Another example of legislation that proves legislators’ abhorrent understanding of government’s role in our lives is the deceptively named “Fair Pay Act.” In the Senate, it’s S2635, and in the House, it’s H7694, which is (it’s depressing to note) cosponsored by Republican Doreen Costa (Exeter, North Kingstown).
Not satisfied with the law already on the books to forbid discrimination in employees’ pay based on sex, the legislation attempts to make the factors by which an employer can explain differences between individuals’ pay more rigid when appearing before government officials concerning a complaint.
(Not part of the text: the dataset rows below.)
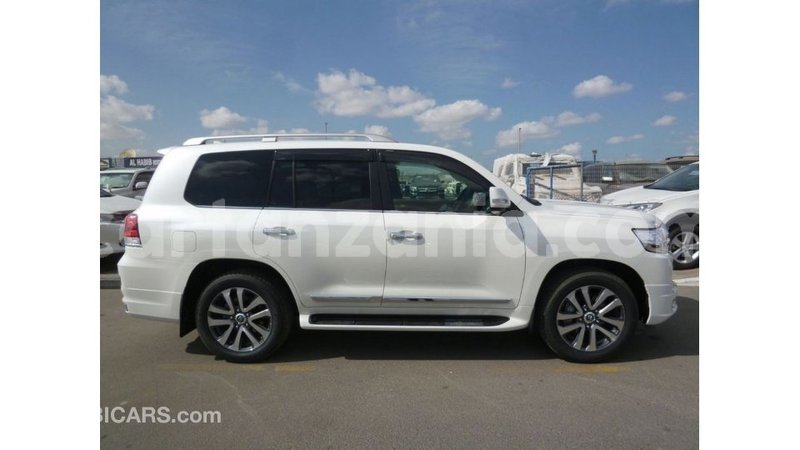 Big with watermark toyota land cruiser arusha import dubai 8564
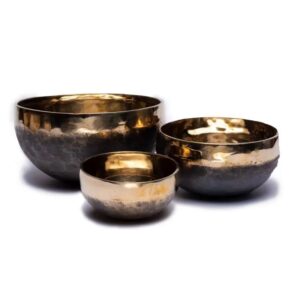 Klankschaal Ishana zwart/goud 2900-3050gr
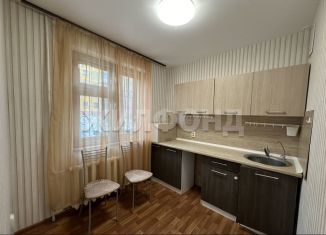 Продается 1-ком. квартира, 30.5 м2, Новосибирск, улица Ватутина, 77, метро Речной вокзал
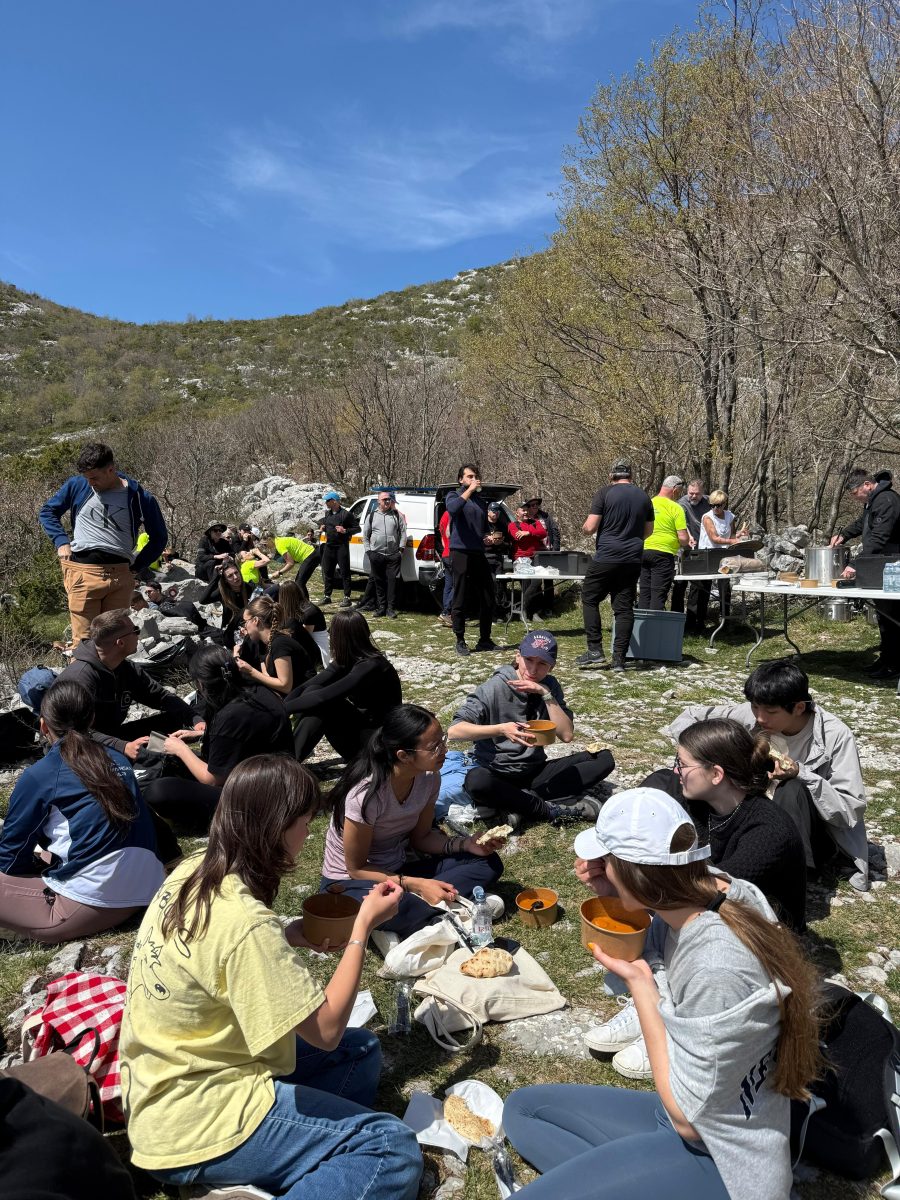 edb7a025 d4bd 4e99 a2cf f510ce78d593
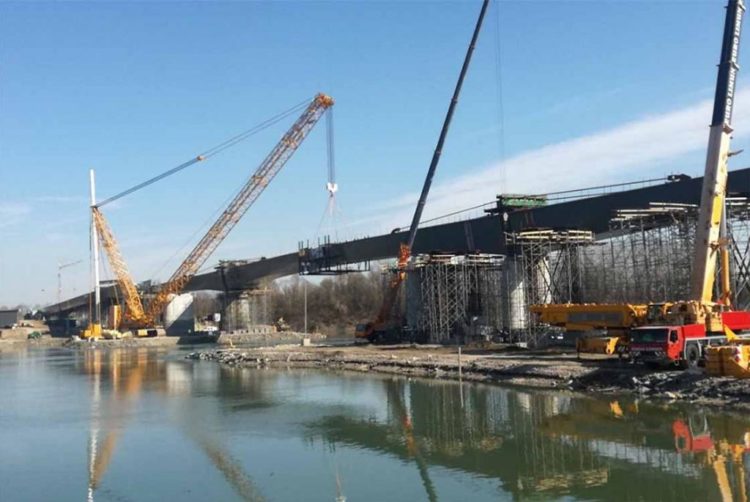 Odličan posao širokobriješke tvrtke: Spojen most na rijeci Savi kod Svilaja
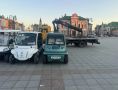 Жители Йошкар-Олы неоднократно жаловались в соцсетях на «гольф-кары», которые ездят по площади Пресвятой Девы Марии и набережной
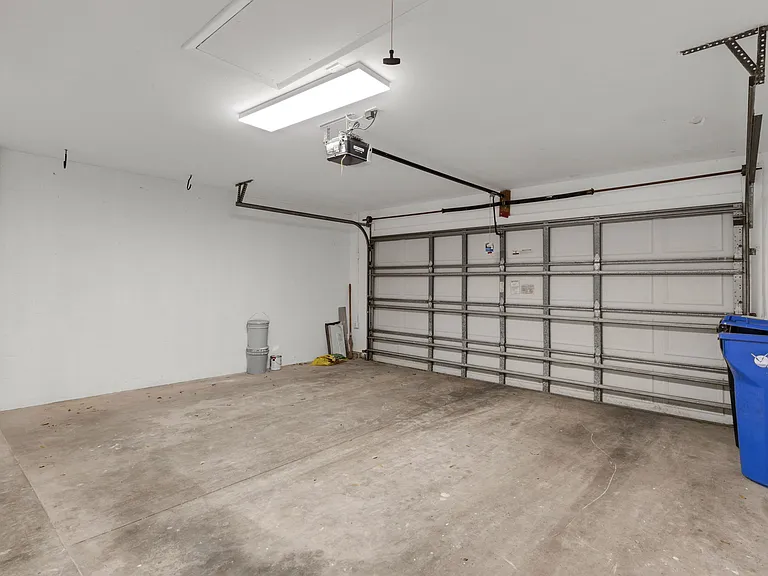 606 Marcus St #26 — Photo 34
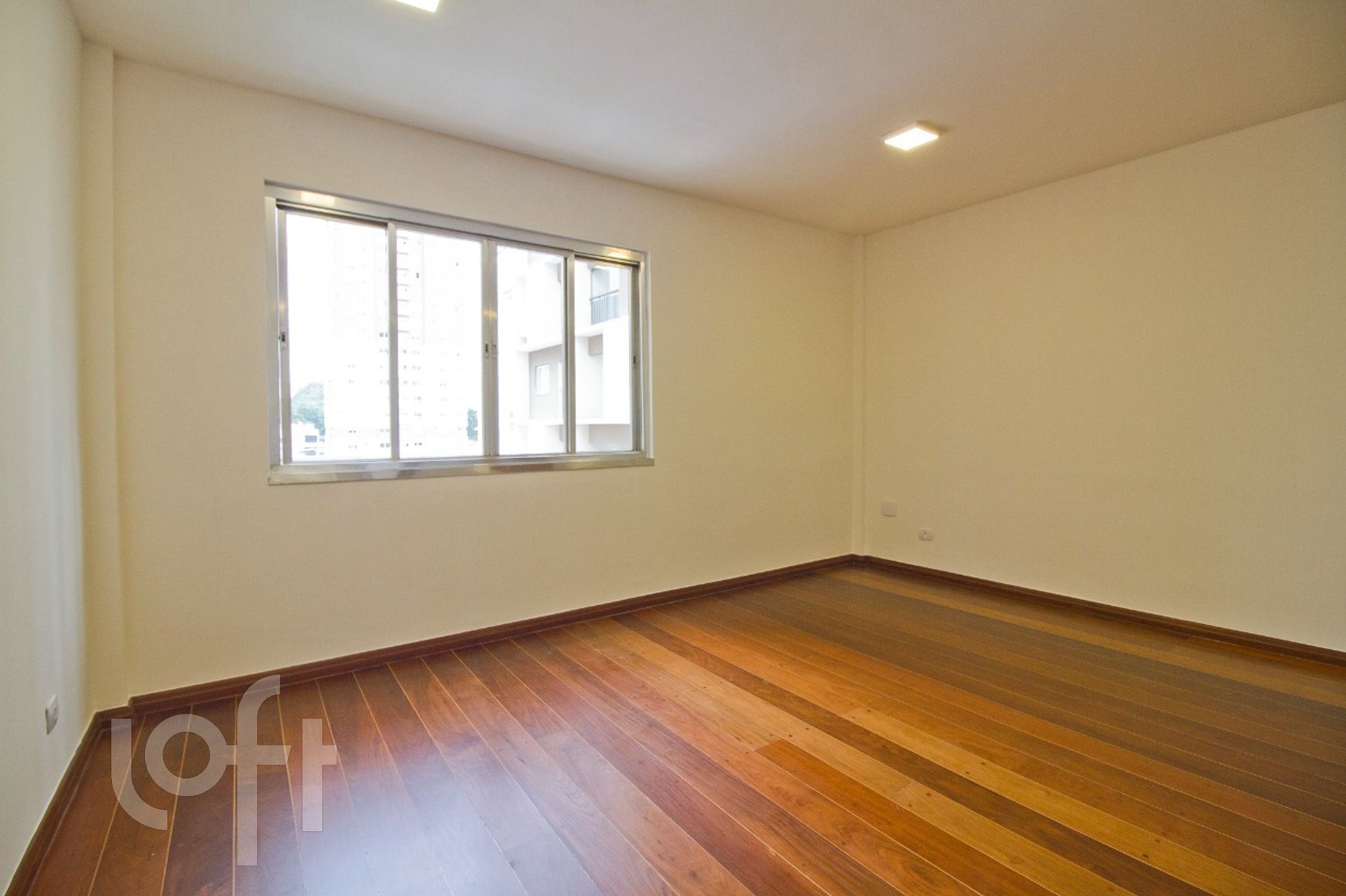 Apartamento à venda com 2 quartos, 100m² - Foto 12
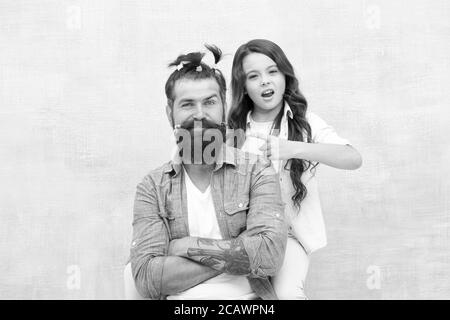 Mi rende felice. Figlia che crea i capelli dei padri. Bel padre con bambina. Buon padre e figlia. La bambina ama il suo papà. Buon giorno dei padri. Famiglia. Giorno dei padri con la figlia a casa. Foto Stock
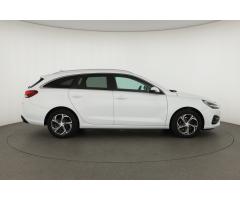 Hyundai i30 1.6 CRDi 85kW - 10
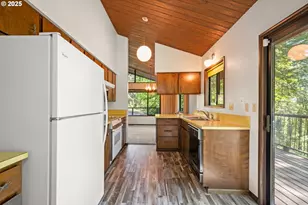 2431 W Lynnwood Dr, Longview, WA 98632 - Photo 9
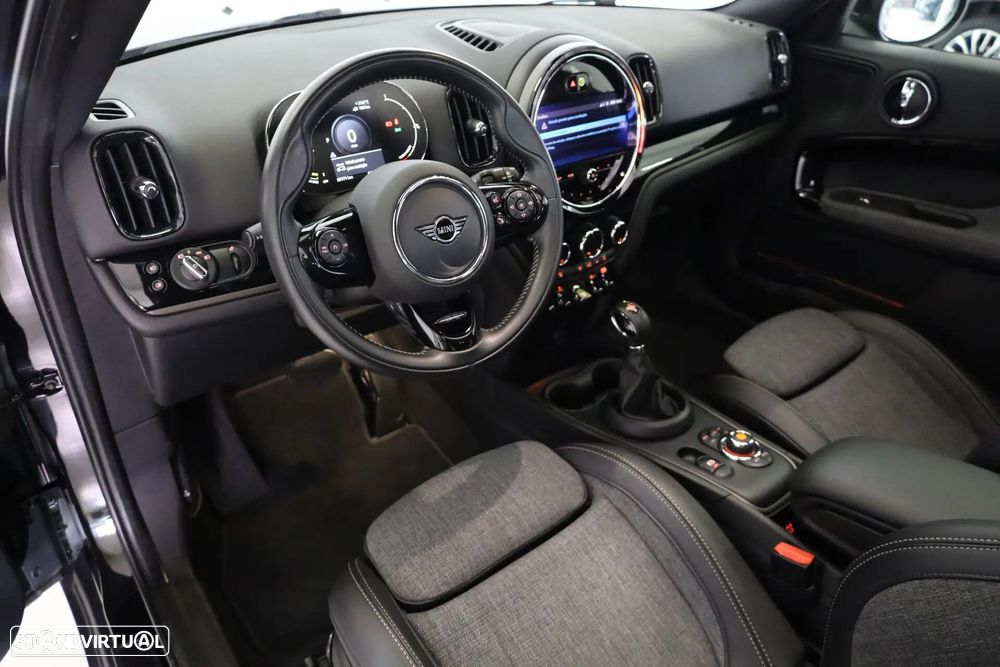 MINI Countryman Cooper SE ALL4 Auto - 27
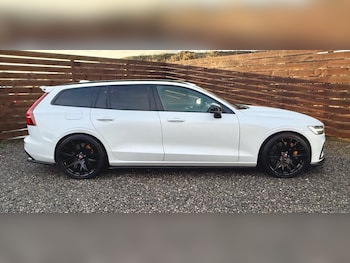 Used Volvo V60 2021 for sale - 77014503: Photo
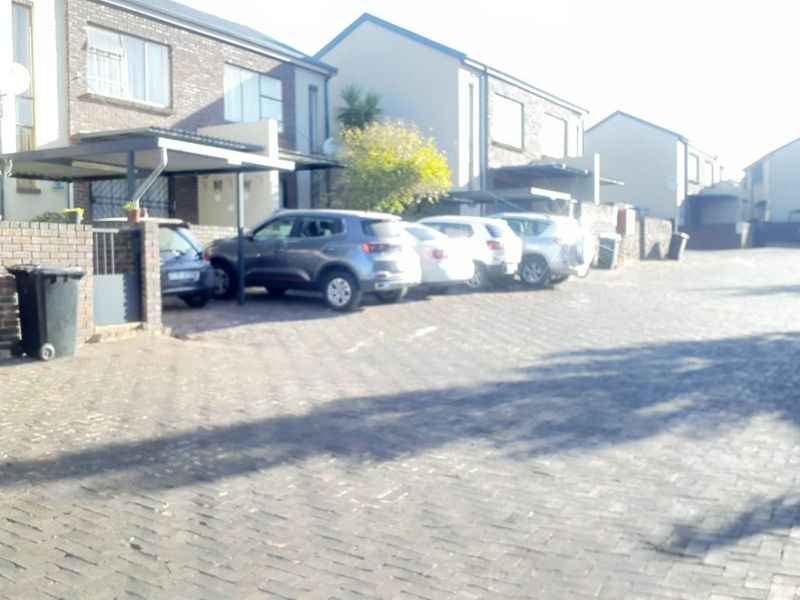 Townhouse For Sale in Sugar Bush Estate - Photo 4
In essence, every business in the state would practically be forced to have a detailed catalog of adjustments for employees’ pay.
So, whereas before an employer could argue that a particular man had an edge in “seniority, experience, training, skill, or ability” over a female colleague, the law would require the company to have “a seniority system.” Other systems that employers would have to have in place are “a merit system,” “a system that measures earnings by quantity or quality of production,” and some way to demonstrate that some other “bona fide factor” exists.
Somehow, employers would have to be able to define every difference in the qualities that their employees have according to some sort of “system.” That things just seem to go better when John (or Jane, for that matter) is doing them would be insufficient.
The “bona fide factor” exemption is where things become truly objectionable, with this:
This defense shall not apply if the employee demonstrates that an alternative business practice exists that would serve the same business purpose without producing the wage differential.
Think about what this means. Based on the nature of the business, the company’s business model, and just the way that the people who own, work for, and patronize the company operate, the organization does something in a particular way. If this particular way of doing business happens to favor the unique qualities of a man in the organization over a particular woman, the woman can go to a faux judge in the Department of Labor and Training and get him or her to force the company to change the way it does business.
Companies could no longer just experiment and find ways to do things that seem to work in the most efficient way possible for that company. Rather, at the urging of a disgruntled employee, a bureaucrat in a state agency could insist that the business must try some other possible approach. The only burden to prove that it might work is the subjective judgment of the bureaucrat, and the process to undo the change would, it appears, be for the employer to do a careful study to prove that the second option is not working as well and to return to the bureaucracy to make that case.
Who really owns the business? This is completely out of keeping with the principles of our country. Indeed, it’s the sort of thinking that drains economies and pushes civilizations to collapse.